Quand j’ai découvert cette information, ma méfiance à l’égard de la Légion m’a poussé à rejeter ces propositions. Pourquoi la Légion engagerait-elle une psychologue pour recueillir des informations, et ne pas préciser que cette personne était psychologue ? Pourquoi, par exemple, ne pas nommer un secrétaire ou un avocat pour recueillir les informations ? J’avais déjà apporté à la Légion des informations suffisamment détaillées. Je savais qu’ils avaient largement assez d’informations pour agir. La Légion a-t-elle essayé de m’évaluer psychologiquement ?

J’avais fait la même déposition à la police et aux services locaux de santé. Pourquoi me fallait-il encore la faire, en personne, à la Légion, alors que la Légion avait rejeté ma première plainte et que le Directeur Général de la Légion – un pédophile reconnu – tenait encore les rennes de la Légion ?

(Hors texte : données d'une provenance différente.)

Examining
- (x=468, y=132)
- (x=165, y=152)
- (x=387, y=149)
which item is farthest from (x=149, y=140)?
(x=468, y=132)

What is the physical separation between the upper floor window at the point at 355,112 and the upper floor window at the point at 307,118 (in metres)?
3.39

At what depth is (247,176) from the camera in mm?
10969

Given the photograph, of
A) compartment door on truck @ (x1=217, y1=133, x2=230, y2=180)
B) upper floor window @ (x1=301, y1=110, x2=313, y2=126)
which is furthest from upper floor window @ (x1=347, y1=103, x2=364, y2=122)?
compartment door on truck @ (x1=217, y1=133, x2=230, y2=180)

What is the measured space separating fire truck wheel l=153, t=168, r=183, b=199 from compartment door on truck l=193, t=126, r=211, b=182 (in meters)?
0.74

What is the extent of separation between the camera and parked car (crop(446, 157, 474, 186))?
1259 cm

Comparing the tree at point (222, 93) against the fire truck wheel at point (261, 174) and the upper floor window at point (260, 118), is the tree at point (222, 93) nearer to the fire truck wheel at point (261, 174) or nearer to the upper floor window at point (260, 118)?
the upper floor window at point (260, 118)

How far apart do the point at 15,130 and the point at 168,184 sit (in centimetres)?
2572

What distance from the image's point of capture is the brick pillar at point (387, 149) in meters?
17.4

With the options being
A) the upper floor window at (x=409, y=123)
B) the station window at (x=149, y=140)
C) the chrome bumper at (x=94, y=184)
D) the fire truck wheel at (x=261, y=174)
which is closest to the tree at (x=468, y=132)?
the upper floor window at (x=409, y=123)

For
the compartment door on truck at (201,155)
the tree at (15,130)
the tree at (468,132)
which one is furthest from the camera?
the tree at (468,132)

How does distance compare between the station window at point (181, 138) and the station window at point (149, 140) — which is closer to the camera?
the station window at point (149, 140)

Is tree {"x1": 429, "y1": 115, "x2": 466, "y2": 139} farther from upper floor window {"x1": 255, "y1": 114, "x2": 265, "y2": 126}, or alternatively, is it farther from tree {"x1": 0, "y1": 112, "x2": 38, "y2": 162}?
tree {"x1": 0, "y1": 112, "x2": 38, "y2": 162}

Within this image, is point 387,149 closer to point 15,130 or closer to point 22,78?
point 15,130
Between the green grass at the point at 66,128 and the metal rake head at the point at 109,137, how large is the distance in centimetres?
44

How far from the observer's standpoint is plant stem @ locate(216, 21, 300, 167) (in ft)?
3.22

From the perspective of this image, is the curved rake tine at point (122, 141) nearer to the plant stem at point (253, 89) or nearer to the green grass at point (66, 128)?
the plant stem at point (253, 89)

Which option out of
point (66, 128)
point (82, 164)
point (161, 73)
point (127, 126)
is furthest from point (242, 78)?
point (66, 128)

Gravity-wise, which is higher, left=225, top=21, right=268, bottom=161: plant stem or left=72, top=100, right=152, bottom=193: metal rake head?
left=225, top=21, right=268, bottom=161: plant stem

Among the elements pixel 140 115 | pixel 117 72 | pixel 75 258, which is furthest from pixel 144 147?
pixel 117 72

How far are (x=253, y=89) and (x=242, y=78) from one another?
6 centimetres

La Légion du Christ a également rejeté les nombreuses requêtes que j’ai faites dans les lettres que je vous ai envoyées. Je vous ai demandé de me faire parvenir votre protocole relatif au traitement des plaintes pour abus sexuels. En 2005, j’ai appris de façon certaine qu’il y avait eu d’autres cas de plaintes similaires. J’ai compris que mes lettres à la Légion du Christ n’avaient pas fait l’objet de réponses, et avaient été ignorées.

J’ai appris qu’à Medellin, où le père Eoghan Devlin travaillait, une lettre avait été envoyée par les directeurs des écoles de garçons et de filles, aux familles de ces écoles, expliquant qu’il ne fallait pas croire toutes les fausses rumeurs qui circulaient, et qu’il fallait seulement accepter la vérité de ces mêmes directeurs. Je sais qu’Eoghan a été relevé de son ministère à cause de l’enquête de la police, et je sais que quelques familles de Medellin ont été informées de cela. On a dit aux autres familles qu’Eoghan avait dû se retirer pour rendre visite à sa famille, parce qu’il y avait un membre de sa famille très malade, en Ireland.

La Légion et les membres RC en Colombie ont raconté des mensonges au sujet de cette histoire aux familles et aux enfants dont ils s’occupaient. Vous aviez le devoir de faire savoir à tout le monde mes allégations, afin que d’autres victimes puissent avoir le courage de se présenter et ainsi de leur offrir un soutien complet.

Je me demande pourquoi vous avez couvert, par des mensonges, la vérité sur Eoghant Devlin aux familles de Medellin. J’ai appris qu’Eoghan avait quitté le sacerdoce et la Légion du Christ, et, même le département du ministère public a estimé qu’il n’y avait pas assez de preuves – chose qui m’a finalement soulagé – j’ai trouvé que le fait de savoir qu’Eoghan ne travaillerait plus avec des enfants et ne serait plus protégé par la Légion, était une bonne fin. Cependant, je me suis inquiété du fait qu’il vivait de nouveau dans le même pays que moi – Est-ce que je tomberai un jour sur lui ? Me recherchera-t-il ? J’ai également appris qu’il recevait tous les mois un versement conséquent d’argent de la Légion du Christ. Et cela m’a mis en colère.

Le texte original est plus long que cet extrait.